After doing a lot of research, we found a great breeder in our area who meets all the requirements of an ethical reputable breeder and has a good reputation. The only thing I have a question about is this: In the contract, the breeder requires that you feed your dog a specific brand of food. I've checked the ingredients and it is a very high quality dog food, and I am happy to feed my dog this food. I am just curious if this is a common request from breeders, and what the motivations are for doing this, besides ensuring the dog is on a healthy diet. Thank you!


----------



## Riley's Mom (Jul 6, 2008)

I don't believe this is normal. I would not be comfortable with that. Does it state in the contract that if you don't feed that particular food that the contract is void if a health problem pops up? I have seen contracts where breeders specify that a certain supplement has to be used and if its not then the contract is void. What kind of food is it? I met a woman that feeds her Jack Russell some food I have never heard of because the breeder said she had to. She has to order it from some place in Florida. I think the breeder gets some sort of kickback having her puppy buyers feed it.


----------



## Molly26 (Sep 30, 2013)

There is nothing about the contract being void if health problems develop, I believe it is more that the food is strongly recommended. There may be a kick back for the breeder. I don't really have a problem doing this...especially because in every other way the breeder meets my requirements. Just wondering if others thought this was something to be concerned about and if it should be a deal breaker.


----------



## Dallas Gold (Dec 22, 2007)

Our breeder doesn't require a specific food, but is very helpful in answering questions about foods if you ask her. She tells her puppy people her dogs do very well on a certain food, but the choice is ours as to what to feed and when to switch or whatever. I just kept up with what the breeder fed the puppies and when the time came to switch to a non-puppy kibble I asked her a lot of questions. She helped me find a food and make a switch with very little consequence for my little guy- no digestive issues or soft stool at all while we switched.

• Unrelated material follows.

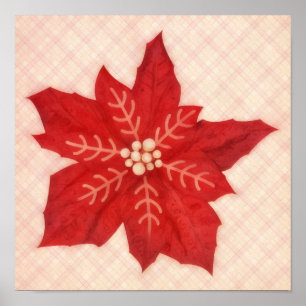 Póster de arte de flor de poinsettia roja navideña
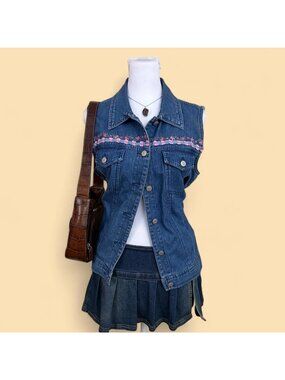 90s denim floral cottagecore western jean vest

If the breeder is otherwise reputable, following GRCA guidelines, I'd much rather see the breeder recommend, not require, more than one line of foods. I believe I've heard of breeders specifying owners need to pick from several foods rated by Whole Dog Journal. If any foods are required to be fed to the puppy and tied to the health guarantee, it would be a deal breaker for me personally. Not all dogs do well on a specific food BTW.


----------



## Dallas Gold (Dec 22, 2007)

Molly26 said:


> There is nothing about the contract being void if health problems develop, I believe it is more that the food is strongly recommended. There may be a kick back for the breeder. I don't really have a problem doing this...especially because in every other way the breeder meets my requirements. Just wondering if others thought this was something to be concerned about and if it should be a deal breaker.


I'm personally not fond of breeders getting kick backs like that because there is a different motivation for recommending the very best food for your particular dog and your dog's best needs.


----------



## tippykayak (Oct 27, 2008)

I've known several wonderful breeders who strongly recommended a specific brand of kibble or specific type of raw diet. Good breeders often have strong opinions on food. However, I've never known a good one to tie any part of the contract to it. I've also never known a good breeder who got a kickback from their food company. And how would that work if you don't order it through them?


----------



## Molly26 (Sep 30, 2013)

The food is called "Life's Abundance," by the way. Seems to me to be a quality food, but I still contacted the breeder with my concerns. I think that there is a financial incentive, but I do also trust that the breeder wants the best for her dogs.


----------



## cgriffin (Nov 30, 2011)

I think it is good for a breeder to recommend a good food, but putting it into a contract - no thank you.


----------



## Molly26 (Sep 30, 2013)

I should also mention the breeder: Wyoming Goldens, in Minnesota.


----------



## Millie'sMom (Sep 7, 2012)

It appears that Life's Abundance and NuVet supplements are owned by the same company, Trilogy. Do you have to order the food with a code supplied by the breeder? If yes, then the breeder is definitely getting a kick back.

Our breeder feed a similar type food and supplied a code with each puppy purchased. She received several hundred dollars every month from the pet food company. It just seemed wrong that she was continuing to profit of her puppies. I have since discovered she is a less than reputable breeder.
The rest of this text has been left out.